Here is an easy way to simulate FRT going roughly bottom-up, described in the papers "Network Warehouses: Efficient Information Distribution to Mobile Users" (Motskin, Downes, Kusy, Gnawali, Guibas) and "Distributed Resource Management and Matching in Sensor Networks" (Gao, Guibas, Milosavljevic, Zhou).

Pick a random priority ordering over the vertices, and a random scalar r in [1,2]. For each vertex v in parallel and for each distance d which is a power of 2 times r, find the highest priority vertex u such that B(u,d) contains v. As the power of 2 increases, this defines a sequence of balls containing v, of larger and larger radius, and with centers that have higher and higher priority.

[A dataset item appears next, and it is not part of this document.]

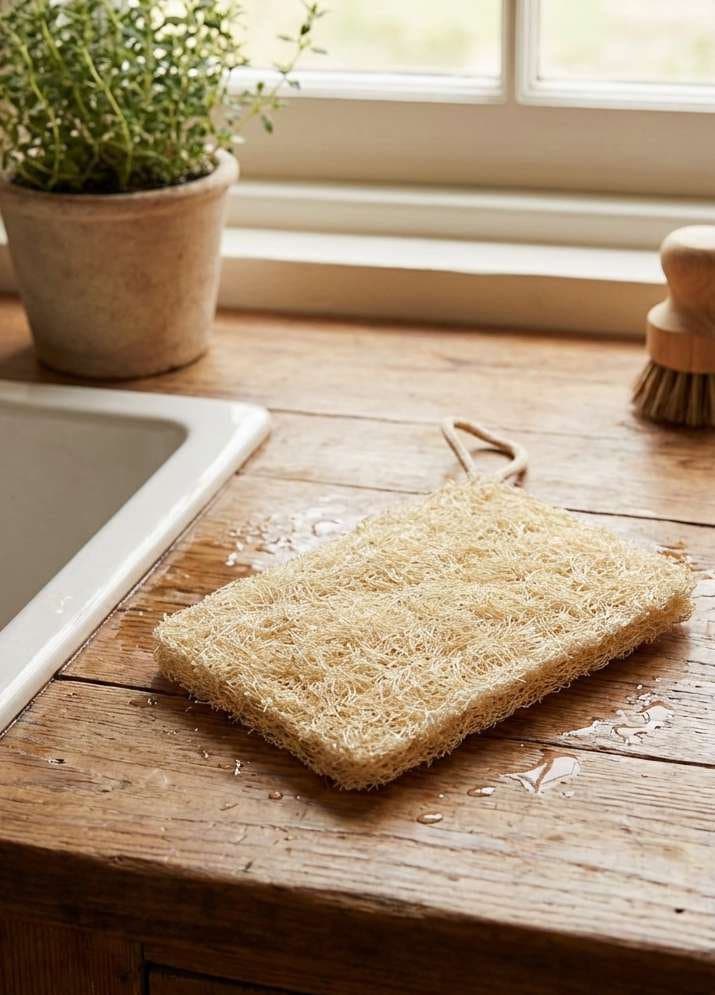 Rectangular natural loofah dishwashing sponge on a wooden kitchen counter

To compute the distance between v and w in the tree metric, find the maximum d such that, in their respective sequences, v and w are in the same ball of radius d but in different balls of radius d/2. That determines the place in the tree where v and w have their lowest common ancestor x, corresponding to the ball of radius d that contains both v and w. Then the x-to-v and the x-to-w paths in the tree both have edges of lengths d/2, d/4, d/8, ..., so the distance from v to w in the tree metric is 2d.

Here is a question: is it possible to construct a hierarchical clustering that has the properties of HSTs, but that is truly constructed in a bottom-up manner? More precisely, is it possible to commit to a partition of the points into a hierarchical clustering in clusters of radius < d, (that is, commit to the bottom levels of the HST), without looking at the distances that are greater than, say, 16d?

Here is a possible answer: put v and w in the same cluster of radius d iff their sequences of balls have the same balls for radius d, 2d, 4d, 8d and 16d. From that point on, in later, coarser clustering, v and w are committed to staying together. What happens if the FRT algorithm wanted to separate them? Perhaps there is a high priority vertex x such that B(x,32d) contains v but not w. Well - tough. If v is the highest priority vertex in the cluster, then w yields to v and puts B(x,32d) in its sequence, even though technically it wasn't supposed to do it.

How does that affect the HST properties? It still creates a hierarchically well-separated tree, and the distance in the tree metric is still not much less than the distance in the input metric. But is it still upper bounded by O(log n) times the distance in the input metric, in expectation?